Shary Alexandra Gómez – student Medellin, Colombia
Chile, Colombia, Mexico, Peru
British Council funded
Girl Power Codefest aims to increase 21st century skills among teachers and teach programming to girls and young women to improve their access to Science, Technology, Engineering and Mathematics (STEM) career opportunities across the Pacific Alliance countries.
Girls and young women in the Americas have traditionally not engaged with technology and other STEM subjects to the same extent of boys and young men and are at risk of being marginalised from future educational and career opportunities. We used our strong record of skills development and inclusive project management, particularly in Colombia and Chile, to create Girl Power Codefest Americas. Girl Power Codefest gives schoolgirls access to computer programming skills using the Micro:bit.
The programme was launched by the UK foreign secretary Boris Johnson and the Minister of Education of Chile in May 2018. In the first event, 250 girls between the ages of 11 and 13 from Chile, Peru, Colombia and Mexico participated in a simultaneous Codefest event, connected via streaming, to promote the use of programming at an early age. The girls had to demonstrate their coding skills to solve problems and address challenges through programming, using a group working methodology. In Peru, we found it beneficial to complement coding sessions with social skills training, which has positioned us as an effective partner in the gender and education sector.
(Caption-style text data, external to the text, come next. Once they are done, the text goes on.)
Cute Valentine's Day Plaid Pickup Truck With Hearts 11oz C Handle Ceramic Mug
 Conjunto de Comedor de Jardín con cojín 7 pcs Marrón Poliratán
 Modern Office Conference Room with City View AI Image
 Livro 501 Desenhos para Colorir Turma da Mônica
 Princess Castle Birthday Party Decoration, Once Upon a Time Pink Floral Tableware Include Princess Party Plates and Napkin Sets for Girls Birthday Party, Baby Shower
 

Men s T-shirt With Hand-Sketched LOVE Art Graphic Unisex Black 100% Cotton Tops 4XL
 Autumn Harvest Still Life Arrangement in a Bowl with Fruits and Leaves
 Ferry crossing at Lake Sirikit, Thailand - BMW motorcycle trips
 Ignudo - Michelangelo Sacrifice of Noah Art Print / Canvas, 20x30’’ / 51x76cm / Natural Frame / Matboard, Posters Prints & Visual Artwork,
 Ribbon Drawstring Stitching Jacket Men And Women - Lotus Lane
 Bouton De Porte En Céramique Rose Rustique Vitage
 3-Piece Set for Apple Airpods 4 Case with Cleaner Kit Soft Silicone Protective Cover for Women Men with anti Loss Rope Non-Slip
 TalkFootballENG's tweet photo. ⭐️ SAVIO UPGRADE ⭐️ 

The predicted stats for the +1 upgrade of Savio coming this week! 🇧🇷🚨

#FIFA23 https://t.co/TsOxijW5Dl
Following the success of the programme’s launch in 2018, the British Council in Colombia has signed an alliance with the Ministry of Technology to implement the second phase of the project, called Coding for Kids. This is aligned with the regional priorities of supporting more equal access to quality education. The project will reach 30 municipalities in the country and train a total of 260 public school teachers, who will be able to incorporate programming in their classrooms and engage their students in new ways of learning. The project aims to impact 15,600 students who will develop the skills to use this innovative practice.
Through Codefest Americas we were able to generate some key insights. This included being able to test the Micro:bits in the Latin-American context. We also recognised the importance of finding key partners who were a driver for the successful implementation of the programme.
The partnership has helped to increase visibility of the UK as a leader in STEM and to promote UK foreign policy priorities such as women and girls’ education. It acts as part of our regional strategy to help young people gain the skills, resilience and networks to find pathways to better lives.
We now have a role to play in education in STEM in other South American countries too. The partnership with Positivo Brasil, Micro:bit foundation, government institutions and universities has positioned us as a key provider for pioneering new and innovate skills for teaching.